NEA plan is consistent with NAACP Call for Action in Education

Bruce S. Gordon, President & CEO, National Association for the Advancement of Colored People, today strongly endorsed a plan by the National Education Association to reduce the nation's alarming high school dropout rate.

"The NEA plan presents innovative and forward-thinking methods of connecting students with post-secondary options for personal growth, development and economic security," said Gordon. Moreover, Gordon said the plan outlined by NEA President Reg Weaver is "consistent with the NAACP call for resource equity in public education by ensuring that educators have the training, tools and resources needed to provide a high-quality education and prevent students from dropping out."

The NEA recently announced a 12-step program that combines the efforts of parents, teachers, business leaders and lawmakers with strategies tested through research and professional experience.
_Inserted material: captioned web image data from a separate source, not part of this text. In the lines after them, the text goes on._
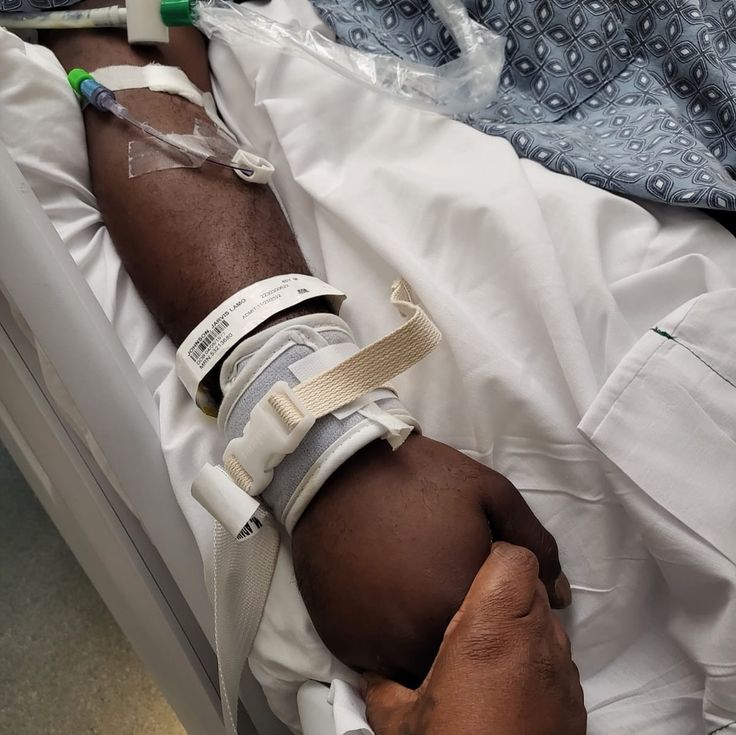 Samsonthegoat25's tweet image. He's been battling lung cancer, and the doctors say he has only about 7 hours left. Oh Lord, I'm so scared and heartbroken. Please pray for him and for us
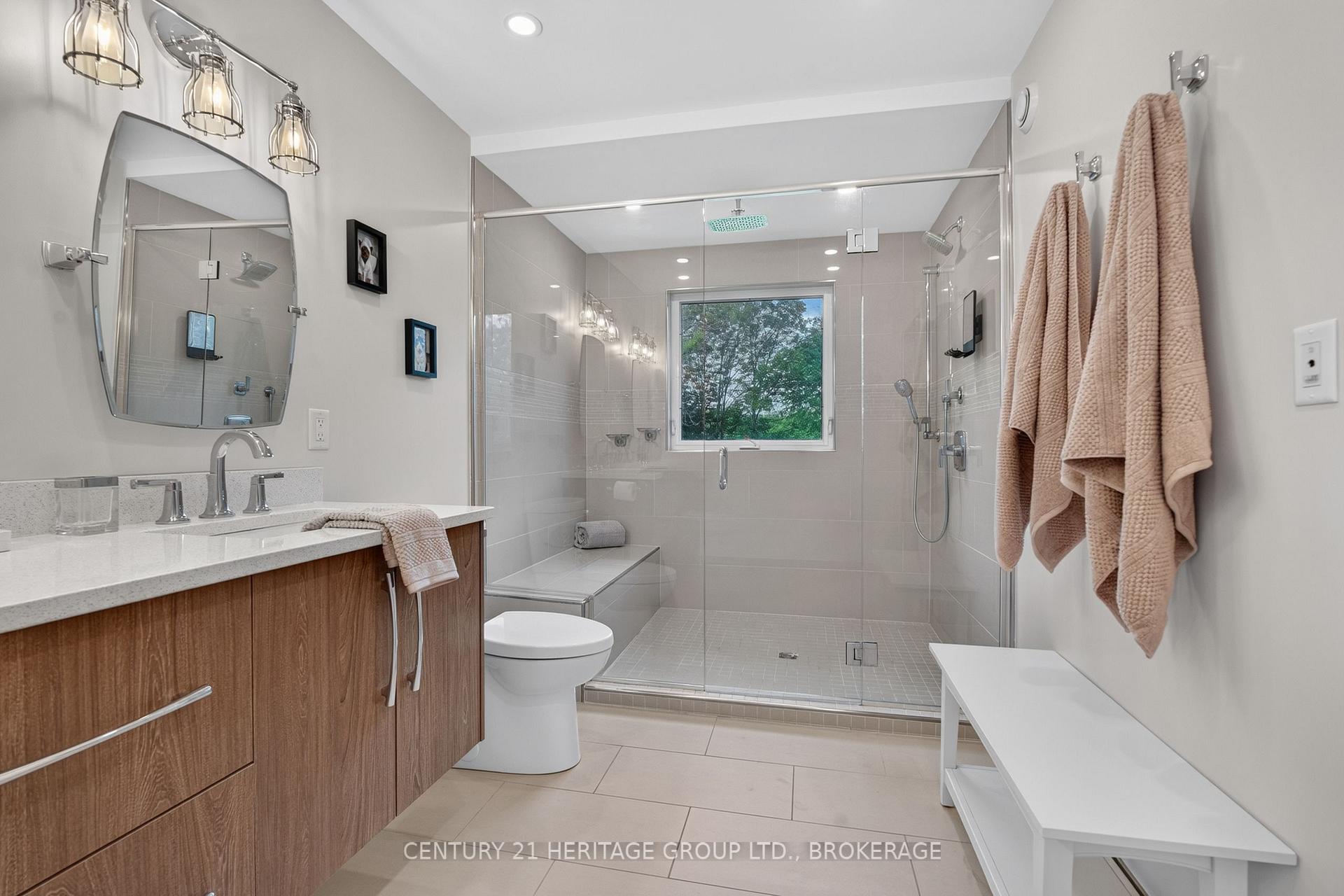 Photo 23 of 13 Fawn Brook Drive, Frontenac, Frontenac South — HOMEH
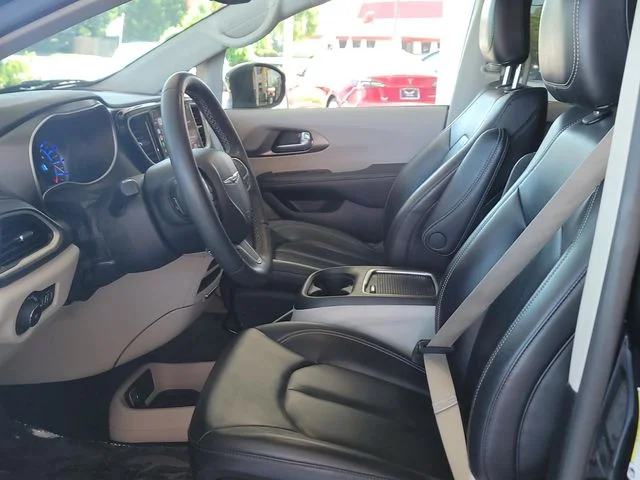 Used 2023 Black Chrysler Touring L image 9
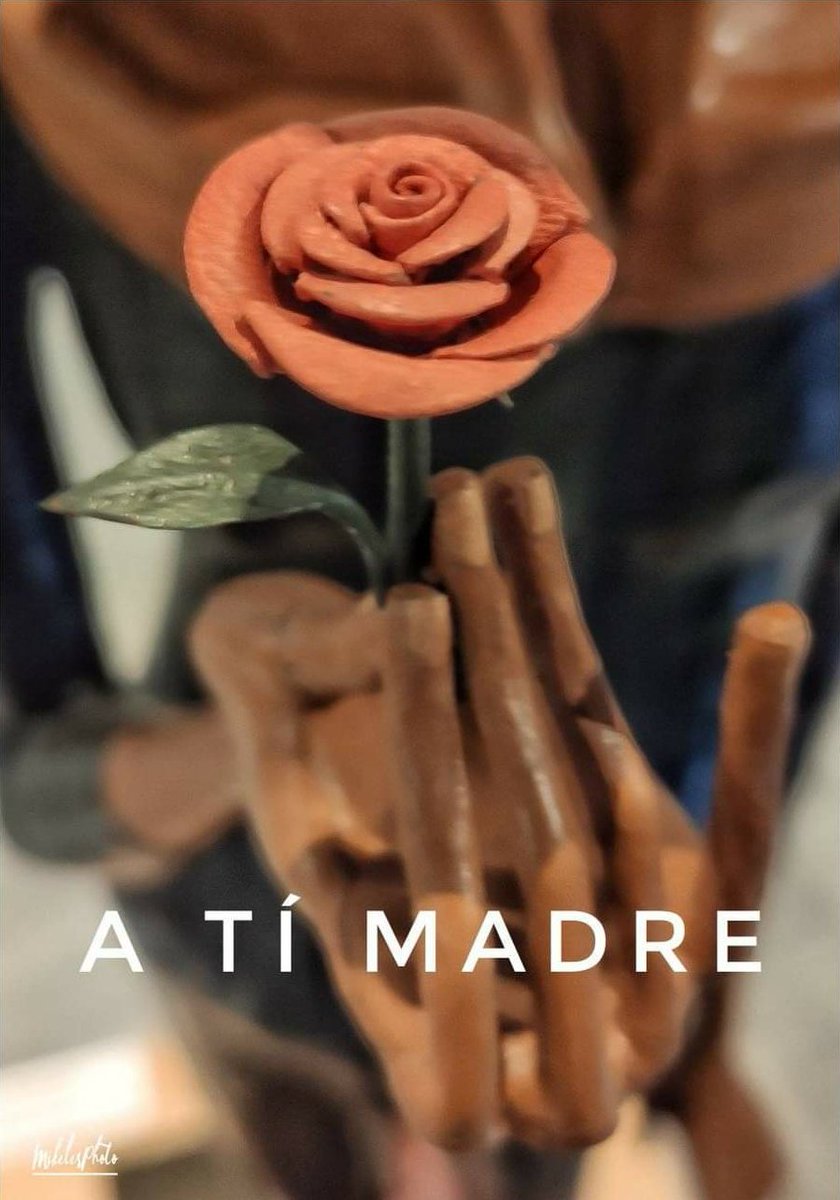 ShadowsOfGreys's tweet photo. El viernes se nos ensombreció el alma. Pero ahí están nuestras madres, las presentes y las ausentes. Las q siempre reparten. Las q merecen nuestras sonrisas pq ellas supieron endulzarlas hasta con sus lágrimas. Feliz #DíaDeLasMadres a nuestras eternas mujeres de acero y miel 🤗. https://t.co/wFyPEDcTDg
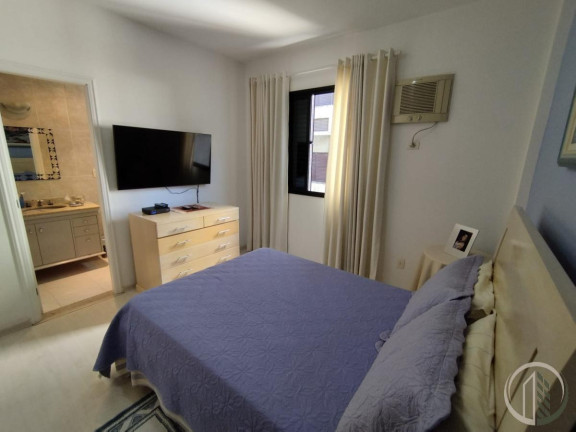 Imagem Apartamento com 3 Quartos à Venda, 214 m² em Gonzaga - Santos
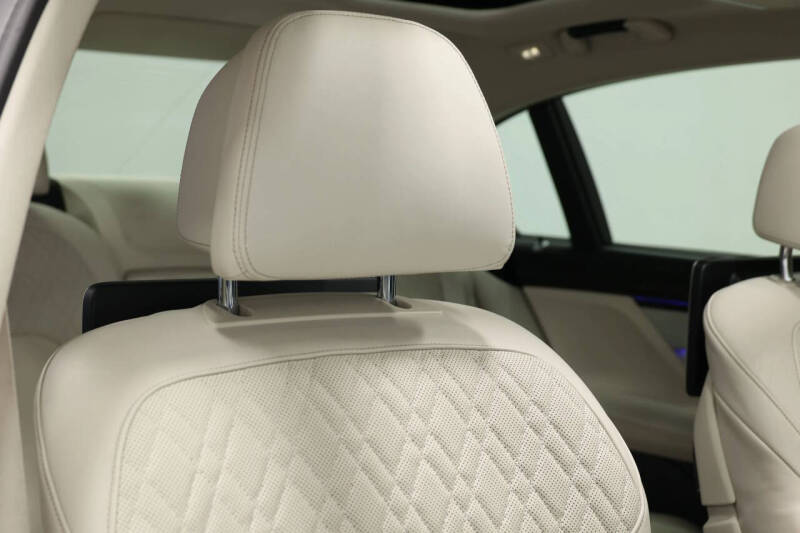 2021 BMW 7 Series ALPINA B7 xDrive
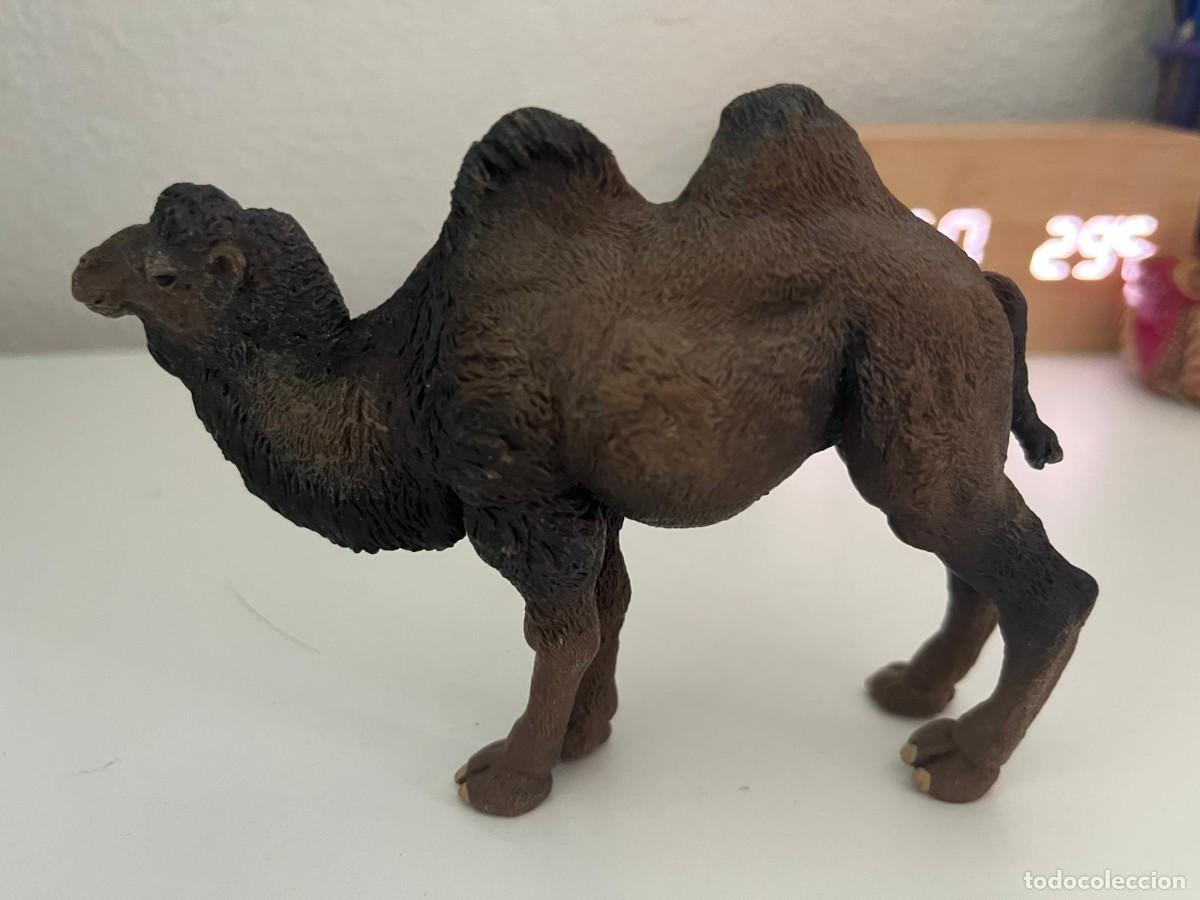 Figuras de goma y PVC: JUGUETE DE GOMA Y PVC ANIMAL TIPO SCHLEICH PAPO CAMELLO MARRON 2011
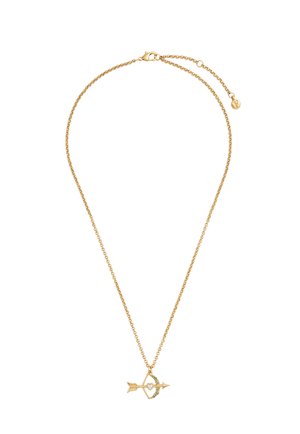 Złoty naszyjnik łańcuszkowy z wisiorkiem w kształcie łuku i strzały, ozdobiony małym serduszkiem i turkusowymi akcentami na białym tle.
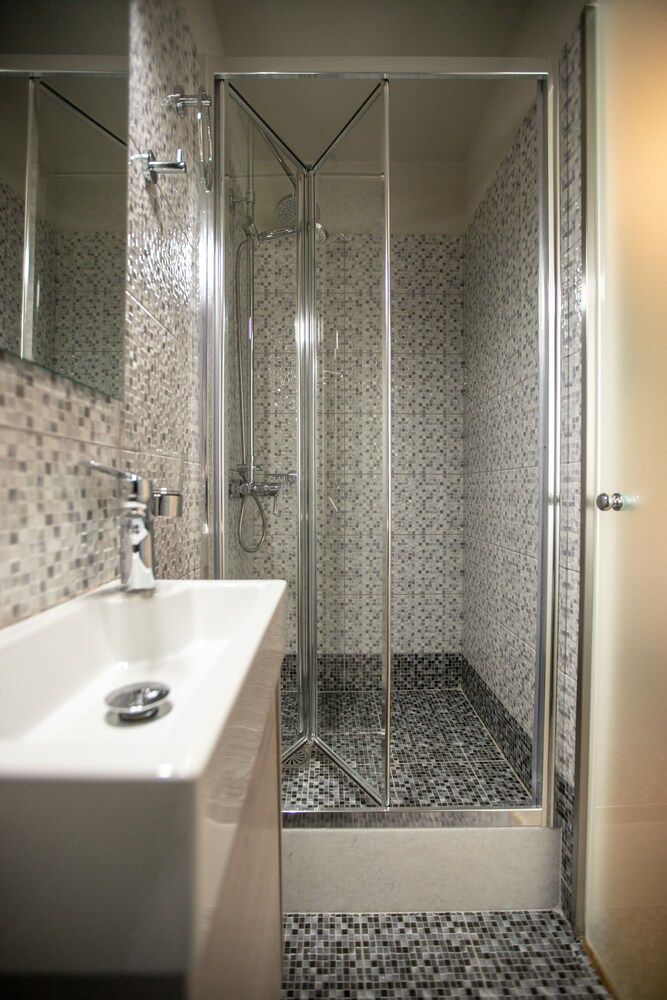 Luxurious 4 Bdrm 3Bath Apt 1- Athens Apartment, 4 Bedrooms 32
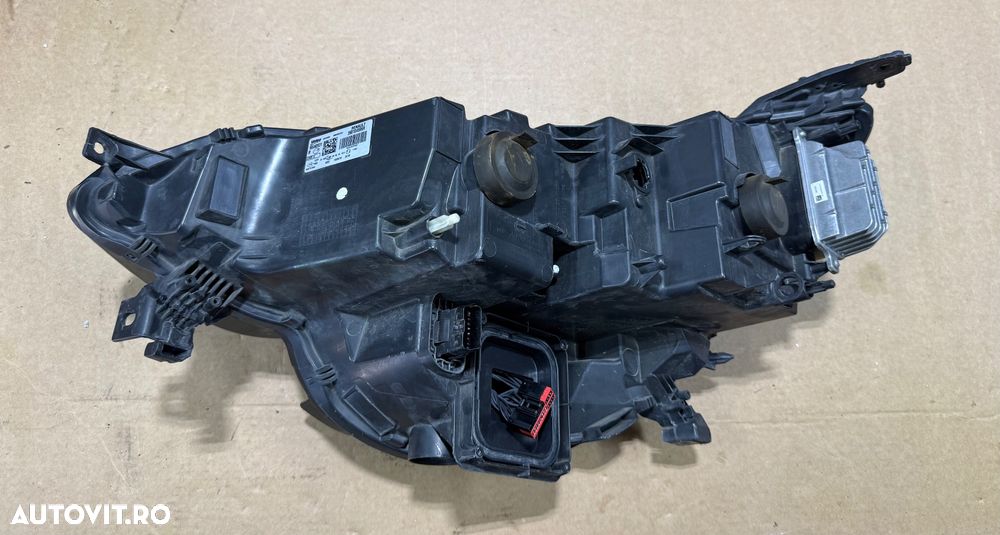 Far dreapta full led pure vision RENAULT MEGANE 4 an 2018 cod 260104596R daylight alb nu e ingalbenit - 6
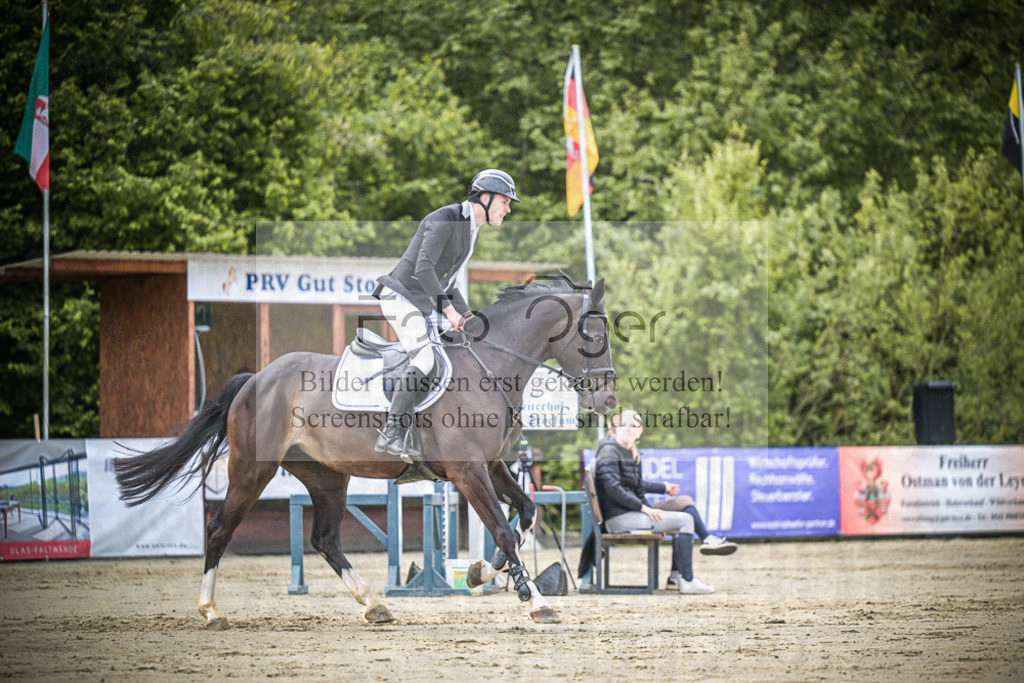 DOS_5115 | Entdecke hochwertige Reitturnierfotos von Foto Oger. Professionell, emotional und authentisch – jetzt Lieblingsmomente im Shop bestellen.Deutschlandweite Turnierfotografie. - Realisiert mit Pictrs.com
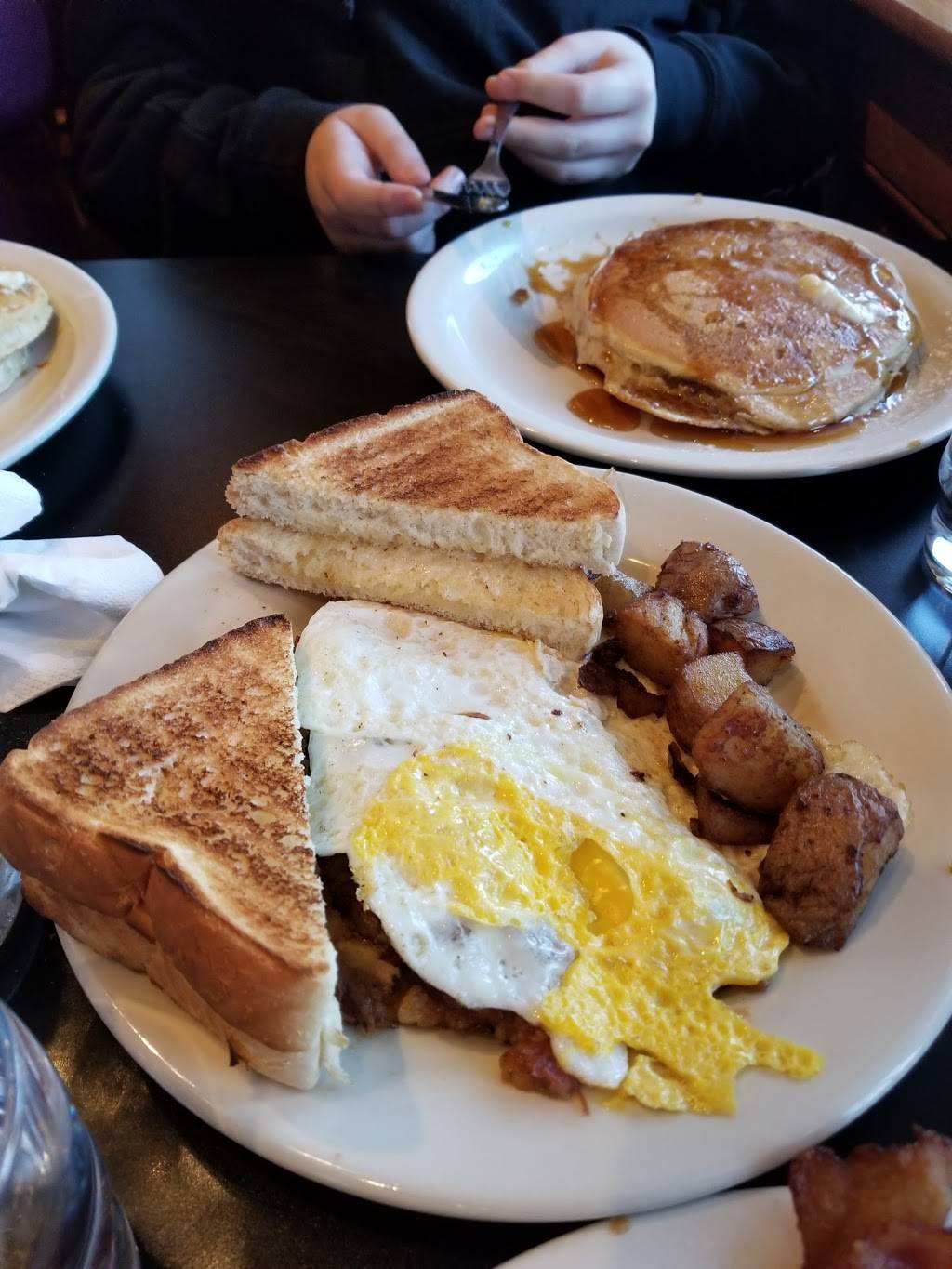 BridgeSide Grille | restaurant | 9 Amherst Rd, Sunderland, MA 01375, USA | 4133978101 OR +1 413-397-8101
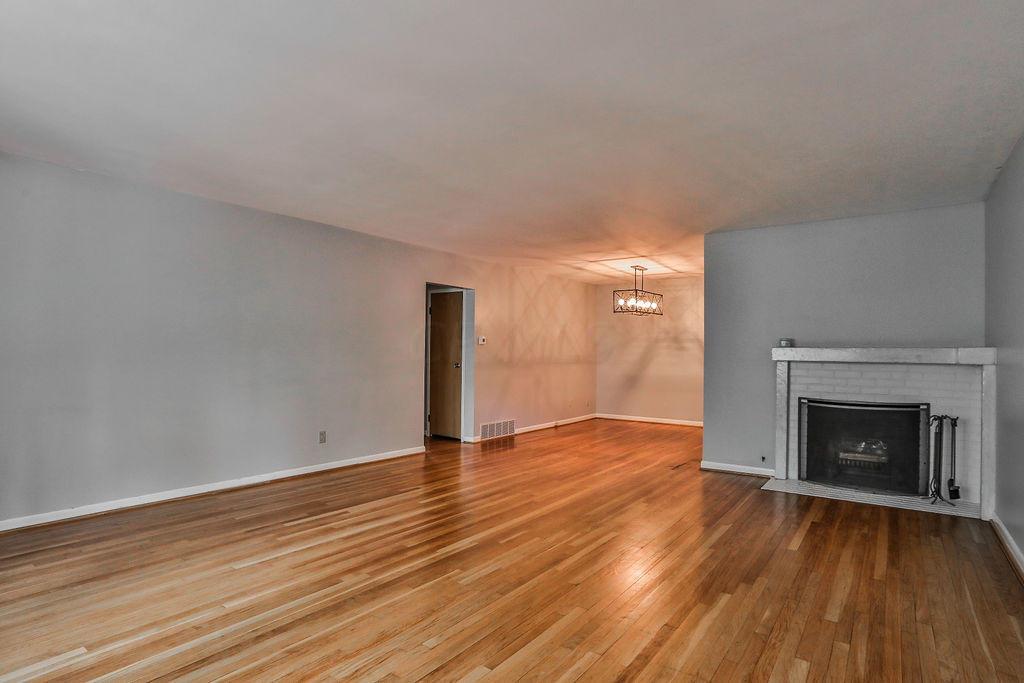 2565 Charing Road, Unit 5 Columbus, OH 43221 - Photo 3 of 15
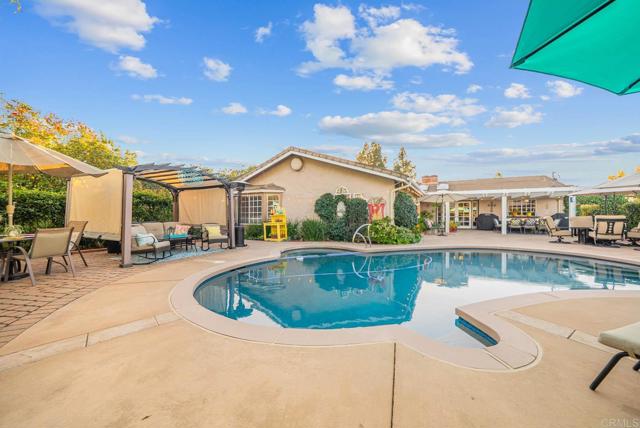 Detail Gallery Image 13 of 64 For 11921 1/2 Fuerte Dr, El Cajon,  CA 92020 - 4 Beds | 3 Baths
The NEA plan includes:

  • Mandatory high school graduation or the equivalent for everyone below the age of 21
  • Workplace options that allow parents to participate in their child's education
  • Early intervention through high-quality universal preschool and full-day kindergarten programs

The nation's high school dropout rate remains high, despite a number of targeted efforts. As many as 7,000 students drop out of high school each day, according to one study. The national graduation rate is between 68 percent and 71 percent. The graduation rate for African American, Hispanic and Native American students is about 50 percent, while graduation rates for whites and Asians hover around 75 percent to 77 percent, respectively.

The NAACP supports the NEA call for the President and Congress to make high school graduation a federal priority by investing $10 billion over the next 10 years to support dropout prevention programs and states that make high school graduation compulsory.

Michael Wotorson, NAACP National Director of Education, said the NEA plan is consistent with the NAACP "Call for Action in Education" program that asks all states to develop a five-year plan to reduce education-related racial disparities by 50 percent and includes a program to cut the high dropout rate for African American and other minority students.

Wotorson noted that the NEA plan appropriately calls for the involvement of parents and community residents in the educational process of children both in school and at home.

Founded in 1909, the NAACP is the nation's oldest and largest civil rights organization. Its members throughout the United States and the world are the premier advocates for civil rights in their communities, conducting voter mobilization and monitoring equal opportunity in the public and private sectors.